Во втором часу ночи, прощаясь с ней у подъезда их дома, Христофоров сказал:
— Может быть, вы отчасти и правы, я странный человек. В голубоватой мгле дерев, чуть озаренный лунным призрачным серебром, с глазами расширенными и влажными он действительно показался ей странным.
— Не знаю, — холодновато ответила она. — Покойной ночи. Он поцеловал ей руку.
VIII
Было около шести. В конце Поварской закат пылал огненно-золотистым заревом. В нем вычерчивалась высокая колокольня, за Кудриным; узкое, багряное облачко с позлащенным краем пересекало ее.
Антон вошел в ворота дома Вернадских, поднялся на небольшое крыльцо и позвонил. Косенькая горничная отворила ему и сказала, что барышня дома.
— Только у них нынче собрание, они запершись, наверху, — добавила она, не без значительности.

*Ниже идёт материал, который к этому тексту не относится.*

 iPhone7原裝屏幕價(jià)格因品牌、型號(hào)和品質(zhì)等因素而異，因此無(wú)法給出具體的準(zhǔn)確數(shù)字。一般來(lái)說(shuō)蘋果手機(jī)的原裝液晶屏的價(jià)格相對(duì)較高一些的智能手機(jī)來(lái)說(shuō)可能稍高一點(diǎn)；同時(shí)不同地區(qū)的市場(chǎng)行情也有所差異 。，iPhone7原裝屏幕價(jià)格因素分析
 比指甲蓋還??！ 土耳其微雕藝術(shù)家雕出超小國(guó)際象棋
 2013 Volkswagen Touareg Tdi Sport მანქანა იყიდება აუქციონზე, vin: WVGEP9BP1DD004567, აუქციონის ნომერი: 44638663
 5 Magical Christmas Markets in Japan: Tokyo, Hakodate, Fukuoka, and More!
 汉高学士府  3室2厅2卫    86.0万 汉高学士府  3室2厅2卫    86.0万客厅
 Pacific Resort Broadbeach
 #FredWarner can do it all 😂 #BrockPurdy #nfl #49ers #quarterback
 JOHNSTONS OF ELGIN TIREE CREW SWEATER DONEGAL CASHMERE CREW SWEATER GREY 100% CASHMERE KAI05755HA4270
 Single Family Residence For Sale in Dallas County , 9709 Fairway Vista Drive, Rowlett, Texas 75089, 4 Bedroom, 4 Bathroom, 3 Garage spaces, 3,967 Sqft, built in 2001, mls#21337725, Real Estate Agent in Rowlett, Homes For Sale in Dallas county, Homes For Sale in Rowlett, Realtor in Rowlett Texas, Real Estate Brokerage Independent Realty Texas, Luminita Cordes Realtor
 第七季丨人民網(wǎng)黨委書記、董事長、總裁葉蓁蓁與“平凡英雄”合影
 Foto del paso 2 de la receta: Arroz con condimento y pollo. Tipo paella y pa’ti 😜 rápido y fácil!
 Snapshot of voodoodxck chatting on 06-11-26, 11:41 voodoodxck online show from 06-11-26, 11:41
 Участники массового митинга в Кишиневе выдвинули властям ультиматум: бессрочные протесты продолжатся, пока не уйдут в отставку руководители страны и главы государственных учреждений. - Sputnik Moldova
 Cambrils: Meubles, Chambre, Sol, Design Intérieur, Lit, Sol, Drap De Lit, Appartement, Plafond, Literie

Антон снял свое неблестящее пальто и усмехнулся.
— Девицы?
— Так точно. И чай туда им носила. Старая барыня в столовой, пожалуйста.
«Спасением души Машура занимается, — подумал он, оправляя у зеркала вихры. — Очевидно, у Машуры нынче заседание общества «Белый Голубь». Пишут какие-нибудь рефераты, настраивают себя на возвышенный лад, а к сорока годам станут теософками», — хмуро подумал он. Напала минутная тоска. Стоит ли оставаться? Не надеть ли пальтишко, не уйти ли назад? Полтора месяца он с Машурой почти в ссоре, в Москве не был, а сейчас явился зачем-то — с повинной? «Невольно к этим грустным берегам»?.. Но он переломил неврастенический приступ, вздохнул и полутемным коридором, откуда подымалась лесенка к Машуре, прошел в столовую.
На столовую она походила не совсем. По стенам стояли диваны, книжный шкаф, в углу гипсовая Венера Медицейская; закат бросал на дорогие, темно-коричневые обои красные пятна. За чайным столом в вазах стояли букеты мимоз и красная роза в граненом, с толстыми стенками стаканчике. Печенья, торты, хрустали, конфеты — все нынче нарядней, пышней обычного — у Натальи Григорьевны тоже приемный день, когда собирались знакомые и друзья. Сама она, в черном бархатном платье, с бриллиантовой брошью, в золотых своих очках, при седой шевелюре, имела внушительный вид. За столом была Анна Дмитриевна, две неопределенных барыни, важный старик с пушистыми седыми волосами и толстая дама в пенсне — почтенная теософка. Старик же, разумеется, профессор.
Он что-то рассказывал — медленно, длинно, с той глубокой убежденностью, что это интересно всем, какая нередко бывает у недалеких людей.
— Я тогда же сказал Максиму Ковалевскому: Максим Максимыч, нам, как русским ученым, представителям молодой русской науки на западе, не пристало выступать с какими-то — passez moi le mot [6] — мистическими сверхиндивидуалистами, чуть не спиритами, ну-те-с, и тому подобное. Он согласился. В тот же день мы завтракали у Габриэля Тарда. Был лорд Крессель, Брандес, я и, представьте…
Знакомое чувство раздражения прошло по спине Антона. «А может, он и врет все, и никакого лорда там не было, да и его самого никто в Париже не знает».
Старик не весьма был доволен, что его прервали, не глядя поздоровался, — и, плавно вторя себе рукой с пухлыми пальцами, которые собирались в горсточку, продолжал о завтраке у Тарда. В закате розовели его седые виски; блестел массивный золотой перстень на указательном пальце.
— Давно не заглядывал, — сказала Наталья Григорьевна Антону наливая ему чаю.